Introduced an exponential backoff mechanism with a configurable base, max delay, and jitter factor to handle retries for target failures. This improves resilience by reducing the load during repeated failures and avoids synchronized retry storms. Additionally, stale target cleanup logic has been implemented to prevent unnecessary state retention.
Replaced all inline error messages with the standardized `api_error` helper for consistent error response formatting. This improves clarity, maintainability, and ensures uniform error structures across the application. Updated logging for collector failures to include error class and switched to warning level for target unreachable scenarios.
Introduced `_failure_state` to track consecutive failures per target and `_failure_log_interval_seconds` to control logging frequency. Added logs for recovery when a target recovers and throttled error logs to reduce noise for recurring errors.
Introduced logic to check the existence of `pg_stat_checkpointer` and fetch corresponding statistics when available. This ensures compatibility with newer PostgreSQL versions while maintaining backward support using `pg_stat_bgwriter`.

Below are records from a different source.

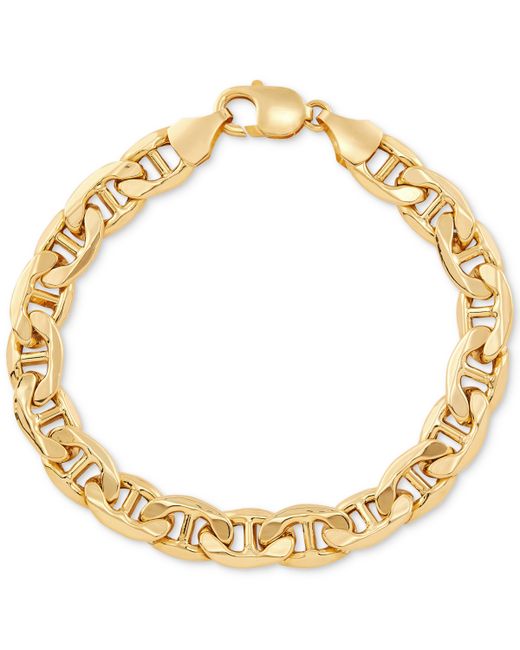 Macy's Mariner Link Chain Bracelet in 10k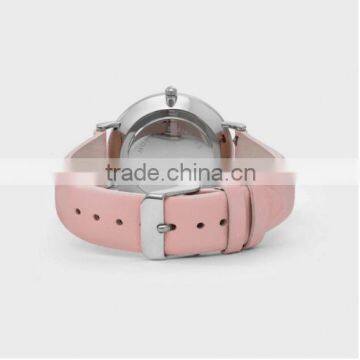Newest Pattern Pink Valentine Gift For Girl Wrist Watches Ladies Women 2016 photo-3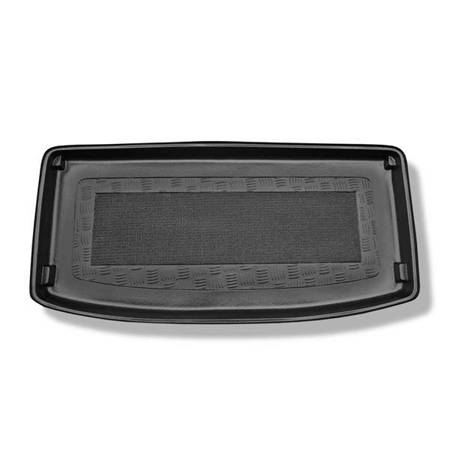 Kofferbakmat voor Mitsubishi Colt ZM Hatchback (2004-10.2008) - mat voor in de kofferbak - Aristar - Standard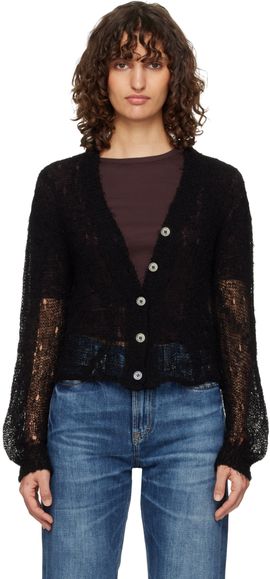 OUR LEGACY OUR LEGACY Black Academy Cardigan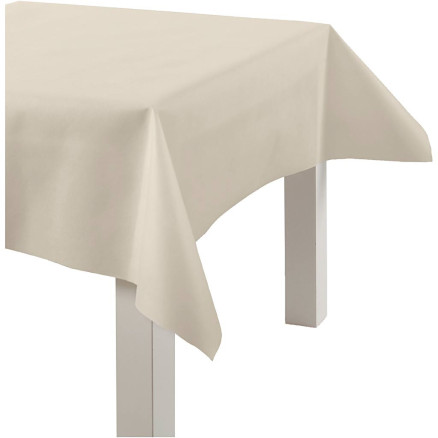 Tischtuch aus Stoffimitat, B 125 cm, 70 g, Creme, 10 m/ 1 Rolle Tischtuch aus Stoffimitat, B 125 cm, 70 g, Creme, 10 m/ 1 Rolle von Happy Moments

This commit introduces a `use_pg_stat_statements` flag for targets, allowing users to enable or disable the use of `pg_stat_statements` for query insights. It includes database schema changes, backend logic, and UI updates to manage this setting in both creation and editing workflows.
This commit introduces alert management capabilities, including creating, updating, listing, and removing custom SQL-based alerts in the backend. It adds the necessary database migrations, API endpoints, and frontend pages to manage alerts, enabling users to define thresholds and monitor system health effectively.